„Meine Hochzeitsreise, die ich allein antreten musste, führte mich ins Gefangenenlager.“ So erinnerte sich Friedrich-Wilhelm Koepe (1916 bis 2004) im Gespräch mit dem Redaktionsleiter der Dorstener „Ruhr-Nachrichten“, Rudolf Plümpe, 1995 an das Kriegsende 1945.
Eigentlich hatte der Rittmeister und Panzerkommandant Friedrich-Wilhelm Koepe die Militär- und Kriegszeit schon beendet gehabt, denn er war Ende 1944 – wegen einer schweren Verletzung nicht mehr kriegsverwendungsfähig – von der Westfront zum Heimatstandort des Kavallerieregimentes 15 nach Paderborn zurückkommandiert worden. Dort bekam er bis zur endgültigen Entlassung Urlaub und begab sich nach Salzkotten, dem Wohnort seiner damaligen Braut und späteren Ehefrau Julia. In deren engstem Verwandtenkreis wurde geheiratet. Eingeladen waren noch einige Regimentskameraden.
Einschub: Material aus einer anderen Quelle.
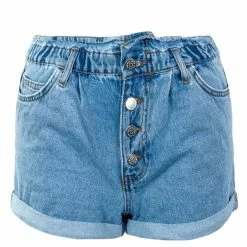 ONLY Damen Jeansshorts - Cuba Life Paperbag Shorts - Light Blue
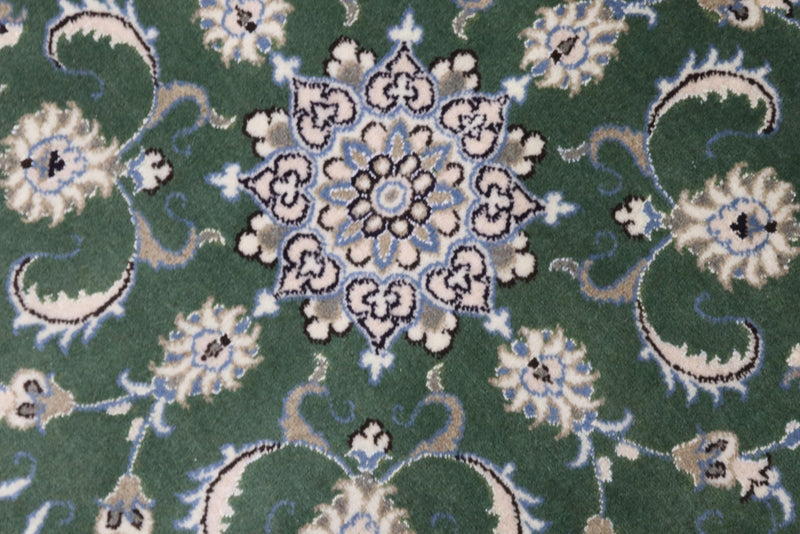 Quadratischer Perser - Nain - Royal - 100 x 100 cm - grün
Ins Gefangenenlager am Atlantik verbracht
Angesichts des bevorstehenden Kriegsendes blickte das junge Ehepaar hoffnungsvoll in die Zukunft, aber dann kamen die Amerikaner. Alle Männer mussten sich bei der Kommandantur melden; auch Koepe, obwohl er so gut wie aus der Wehrmacht entlassen war. Er wurde in ein riesiges Lager an der französischen Atlantikküste gebracht, das die Amerikaner eingerichtet hatten, um Kriegsgefangene in die USA zu transportieren.
Hier entstand in Gemeinschaftsarbeit ein kleines Buch über das Leben und Leiden des PW (prisoner of war = Kriegsgefangener), das später in Koepes Eigentum überging, weil er als Nichtraucher dafür im Tausch Zigaretten anbieten konnte.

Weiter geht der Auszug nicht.